• _Raw data_

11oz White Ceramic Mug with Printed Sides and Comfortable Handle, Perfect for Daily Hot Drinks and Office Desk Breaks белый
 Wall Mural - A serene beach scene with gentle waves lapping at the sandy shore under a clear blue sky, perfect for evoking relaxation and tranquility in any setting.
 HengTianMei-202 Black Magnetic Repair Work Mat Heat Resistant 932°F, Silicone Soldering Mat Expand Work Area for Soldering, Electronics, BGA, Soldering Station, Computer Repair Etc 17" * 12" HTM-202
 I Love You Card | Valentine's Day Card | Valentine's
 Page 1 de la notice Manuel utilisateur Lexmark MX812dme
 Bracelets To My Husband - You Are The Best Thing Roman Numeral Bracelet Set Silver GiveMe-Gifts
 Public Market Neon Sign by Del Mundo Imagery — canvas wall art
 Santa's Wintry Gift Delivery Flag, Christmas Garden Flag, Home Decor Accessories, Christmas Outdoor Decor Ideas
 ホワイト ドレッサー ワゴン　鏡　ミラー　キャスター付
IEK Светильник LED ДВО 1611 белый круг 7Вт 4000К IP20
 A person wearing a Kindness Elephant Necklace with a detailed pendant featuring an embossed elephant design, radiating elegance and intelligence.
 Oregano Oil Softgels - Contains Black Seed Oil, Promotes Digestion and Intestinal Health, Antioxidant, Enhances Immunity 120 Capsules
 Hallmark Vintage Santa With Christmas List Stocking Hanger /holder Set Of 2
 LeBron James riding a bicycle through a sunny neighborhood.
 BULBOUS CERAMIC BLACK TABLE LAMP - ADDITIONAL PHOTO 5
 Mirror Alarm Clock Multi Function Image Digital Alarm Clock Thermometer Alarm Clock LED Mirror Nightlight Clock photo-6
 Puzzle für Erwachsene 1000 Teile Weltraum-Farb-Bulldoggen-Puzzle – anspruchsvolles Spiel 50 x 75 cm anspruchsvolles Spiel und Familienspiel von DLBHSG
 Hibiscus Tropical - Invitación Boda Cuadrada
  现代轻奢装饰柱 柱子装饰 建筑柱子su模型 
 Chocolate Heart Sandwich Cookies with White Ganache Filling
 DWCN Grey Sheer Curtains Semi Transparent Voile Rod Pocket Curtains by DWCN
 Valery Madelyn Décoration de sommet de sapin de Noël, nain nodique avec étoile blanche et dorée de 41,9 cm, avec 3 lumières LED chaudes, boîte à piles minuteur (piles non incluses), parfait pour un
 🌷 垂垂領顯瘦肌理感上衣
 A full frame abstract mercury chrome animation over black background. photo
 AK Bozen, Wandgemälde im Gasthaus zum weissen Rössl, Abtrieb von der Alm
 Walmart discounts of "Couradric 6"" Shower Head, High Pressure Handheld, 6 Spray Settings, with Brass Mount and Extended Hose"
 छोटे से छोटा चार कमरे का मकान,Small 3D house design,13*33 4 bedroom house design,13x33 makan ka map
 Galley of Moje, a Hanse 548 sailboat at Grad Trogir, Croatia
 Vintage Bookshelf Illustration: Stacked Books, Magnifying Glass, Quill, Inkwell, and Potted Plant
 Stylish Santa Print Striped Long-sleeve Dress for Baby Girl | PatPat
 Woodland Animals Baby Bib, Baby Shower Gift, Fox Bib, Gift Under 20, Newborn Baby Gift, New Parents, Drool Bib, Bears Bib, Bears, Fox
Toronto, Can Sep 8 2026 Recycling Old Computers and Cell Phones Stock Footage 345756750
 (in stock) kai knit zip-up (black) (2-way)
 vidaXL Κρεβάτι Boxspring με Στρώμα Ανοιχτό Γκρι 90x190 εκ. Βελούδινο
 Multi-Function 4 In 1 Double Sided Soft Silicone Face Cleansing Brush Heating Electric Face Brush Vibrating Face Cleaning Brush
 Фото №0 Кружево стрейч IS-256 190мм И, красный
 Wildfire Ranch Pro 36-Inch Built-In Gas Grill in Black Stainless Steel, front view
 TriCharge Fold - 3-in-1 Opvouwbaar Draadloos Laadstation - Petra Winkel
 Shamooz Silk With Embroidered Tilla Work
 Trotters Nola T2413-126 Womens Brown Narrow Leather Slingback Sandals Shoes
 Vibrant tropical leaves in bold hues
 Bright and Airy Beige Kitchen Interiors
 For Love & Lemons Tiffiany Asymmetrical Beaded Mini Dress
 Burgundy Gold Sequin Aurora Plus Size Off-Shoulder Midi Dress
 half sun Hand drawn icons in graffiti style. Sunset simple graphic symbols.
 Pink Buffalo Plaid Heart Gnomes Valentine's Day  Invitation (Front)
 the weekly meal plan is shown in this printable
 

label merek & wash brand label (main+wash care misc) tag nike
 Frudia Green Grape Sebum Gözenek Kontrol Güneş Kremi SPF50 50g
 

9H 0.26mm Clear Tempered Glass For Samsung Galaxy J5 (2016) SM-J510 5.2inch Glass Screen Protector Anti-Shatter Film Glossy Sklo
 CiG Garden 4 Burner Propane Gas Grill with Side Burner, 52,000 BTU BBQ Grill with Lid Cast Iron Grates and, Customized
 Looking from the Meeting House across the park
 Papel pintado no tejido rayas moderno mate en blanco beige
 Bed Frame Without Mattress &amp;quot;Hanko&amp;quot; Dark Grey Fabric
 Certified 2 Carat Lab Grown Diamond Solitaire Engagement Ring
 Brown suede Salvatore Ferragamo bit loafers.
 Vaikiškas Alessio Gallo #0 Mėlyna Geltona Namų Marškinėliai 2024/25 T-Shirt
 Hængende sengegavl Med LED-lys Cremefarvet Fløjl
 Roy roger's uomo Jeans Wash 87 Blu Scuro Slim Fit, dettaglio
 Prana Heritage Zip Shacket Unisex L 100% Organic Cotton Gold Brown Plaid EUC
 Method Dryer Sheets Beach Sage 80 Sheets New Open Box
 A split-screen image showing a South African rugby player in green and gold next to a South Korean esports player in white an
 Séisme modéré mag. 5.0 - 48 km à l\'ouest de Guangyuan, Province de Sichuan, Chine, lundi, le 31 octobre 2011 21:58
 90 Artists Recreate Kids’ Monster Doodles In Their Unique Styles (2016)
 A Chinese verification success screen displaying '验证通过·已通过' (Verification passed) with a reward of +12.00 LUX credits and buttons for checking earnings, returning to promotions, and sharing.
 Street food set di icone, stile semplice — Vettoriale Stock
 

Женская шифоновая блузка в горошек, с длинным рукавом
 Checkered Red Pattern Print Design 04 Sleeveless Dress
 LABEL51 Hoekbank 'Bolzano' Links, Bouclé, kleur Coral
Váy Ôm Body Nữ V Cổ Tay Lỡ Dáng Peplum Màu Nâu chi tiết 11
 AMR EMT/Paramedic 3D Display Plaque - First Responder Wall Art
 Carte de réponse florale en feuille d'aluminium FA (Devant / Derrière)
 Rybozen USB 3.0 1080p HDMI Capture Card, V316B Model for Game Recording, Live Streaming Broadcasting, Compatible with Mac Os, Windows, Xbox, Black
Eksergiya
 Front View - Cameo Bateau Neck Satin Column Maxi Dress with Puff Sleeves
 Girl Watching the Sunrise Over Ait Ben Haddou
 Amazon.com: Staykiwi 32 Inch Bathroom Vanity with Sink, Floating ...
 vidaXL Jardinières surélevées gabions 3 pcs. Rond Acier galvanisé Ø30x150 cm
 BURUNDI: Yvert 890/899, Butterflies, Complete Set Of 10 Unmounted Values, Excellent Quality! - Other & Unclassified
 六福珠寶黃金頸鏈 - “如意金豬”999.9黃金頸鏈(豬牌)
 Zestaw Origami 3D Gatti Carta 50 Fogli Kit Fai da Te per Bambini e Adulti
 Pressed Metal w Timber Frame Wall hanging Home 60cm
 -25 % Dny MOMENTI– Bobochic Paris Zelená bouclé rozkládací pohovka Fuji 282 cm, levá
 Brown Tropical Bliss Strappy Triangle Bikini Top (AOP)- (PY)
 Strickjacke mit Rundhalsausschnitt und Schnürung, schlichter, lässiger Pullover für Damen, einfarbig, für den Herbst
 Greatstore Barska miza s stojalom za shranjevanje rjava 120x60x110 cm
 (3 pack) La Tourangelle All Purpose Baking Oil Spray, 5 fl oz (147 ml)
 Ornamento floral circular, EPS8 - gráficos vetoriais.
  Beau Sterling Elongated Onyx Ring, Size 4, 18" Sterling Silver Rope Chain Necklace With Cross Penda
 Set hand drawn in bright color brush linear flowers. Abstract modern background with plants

• _Task to complete_
When the line with "Hallmark Vintage Santa" is reached in the data above, start copying there, and copy each line exactly until the line with "DWCN Grey Sheer" has been copied; copy nothing else.

• _Response to the task_
 Hallmark Vintage Santa With Christmas List Stocking Hanger /holder Set Of 2
 LeBron James riding a bicycle through a sunny neighborhood.
 BULBOUS CERAMIC BLACK TABLE LAMP - ADDITIONAL PHOTO 5
 Mirror Alarm Clock Multi Function Image Digital Alarm Clock Thermometer Alarm Clock LED Mirror Nightlight Clock photo-6
 Puzzle für Erwachsene 1000 Teile Weltraum-Farb-Bulldoggen-Puzzle – anspruchsvolles Spiel 50 x 75 cm anspruchsvolles Spiel und Familienspiel von DLBHSG
 Hibiscus Tropical - Invitación Boda Cuadrada
  现代轻奢装饰柱 柱子装饰 建筑柱子su模型 
 Chocolate Heart Sandwich Cookies with White Ganache Filling
 DWCN Grey Sheer Curtains Semi Transparent Voile Rod Pocket Curtains by DWCN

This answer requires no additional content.